Professeur d’histoire et de sciences politiques à l’Université de Witvatersrand (Johannesburg) et directeur de recherche au Witwatersrand Institute for Social and Economic Research (Wiser) à Johannesburg, Achille Mbembe s’est affirmé au fil de ses parutions, comme un des penseurs les plus féconds dans des domaines qui relèvent de l’histoire, de la sociologie et de la philosophie politique.
SlateAfrique – De grandes équipes sont absentes de la CAN organisée en Afrique du Sud. L’Egypte, le Cameroun et le Sénégal n’ont pas pu se qualifier pour cette compétition…
A. Mbembe – Le foot égyptien subit les contre-coups du soulèvement révolutionnaire. Le Cameroun est devenu une obscène caricature. Véritable empire de la vénalité et de la prédation, tout ou presque y fonctionne à l’envers, dans le chaos, à la petite semaine.
A cause des niveaux insupportables de corruption et d’improvisation, on ne les reverra pas de sitôt à l’avant-garde du foot africain. Le Sénégal peine à redémarrer malgré l’arrivée à maturité de quelques grands attaquants.
SlateAfrique – Un joueur comme Samuel Eto’o est-il un atout maître pour le Cameroun? N’exerce-t-il pas trop d’influence et ne finit-il pas par pénaliser son équipe?
A. Mbembe – Le personnage est, pour le moins, pittoresque. D’ailleurs il ne parle de lui-meme qu’à la troisième personne du singulier. L’un des hommes les plus riches du pays, il est persuadé de pouvoir tout acheter grâce à son argent.

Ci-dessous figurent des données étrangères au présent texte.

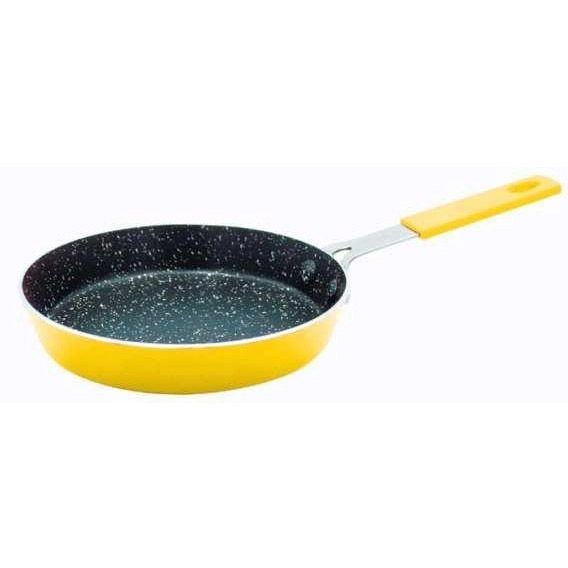 Сковорода Con Brio CB-1614 с антипригарным покрытием Eco Granite mini 16 см. IB-485 Цвет: желтый | Зображення 1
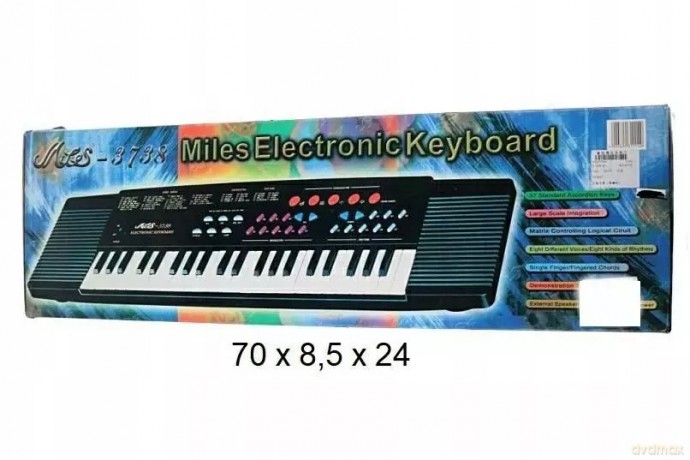 Organki elektroniczne 74cm z mikrofonem i zasilaczem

Mais hormis Eto’o, ils n’ont personne d’autre. Ils n’ont pas su préparer la relève. Bref, c’est l’enkystement. Le milieu est totalement pourri et il n’y a personne pour assainir le marécage. Des hommes à poigne comme Joseph Antoine Bell (ex-gardien des Lions indomptables et des Girondins de Bordeaux) sont tenus à l’écart. La crise est structurelle.
Il y a une structure du désordre volontairement cultivée qui empêche tout progrès et favorise la corruption. A tous les niveaux. Rien n’est fait selon des normes générales acceptées partout ailleurs. L’incertitude est manufacturée. Pris dans un tel réseau, les joueurs ne peuvent pas grand-chose.
SlateAfrique – Les interventions des hommes politiques dans les choix des entraîneurs ne sont-ils pas de nature à perturber les résultats de l’équipe camerounaise?
A. Mbembe – Chacun s’efforce d’instrumentaliser le désordre dans l’espoir de faire main basse sur le pactole. Quant à la Fédération, elle est verrouillée, privatisée par une clique qui ne veut surtout rien lâcher. Il est vrai que ceux qui s’efforcent de les déloger ne sont pas, eux-mêmes, des enfants de chœur. Le spectacle du foot camerounais est un vrai bal de carnassiers.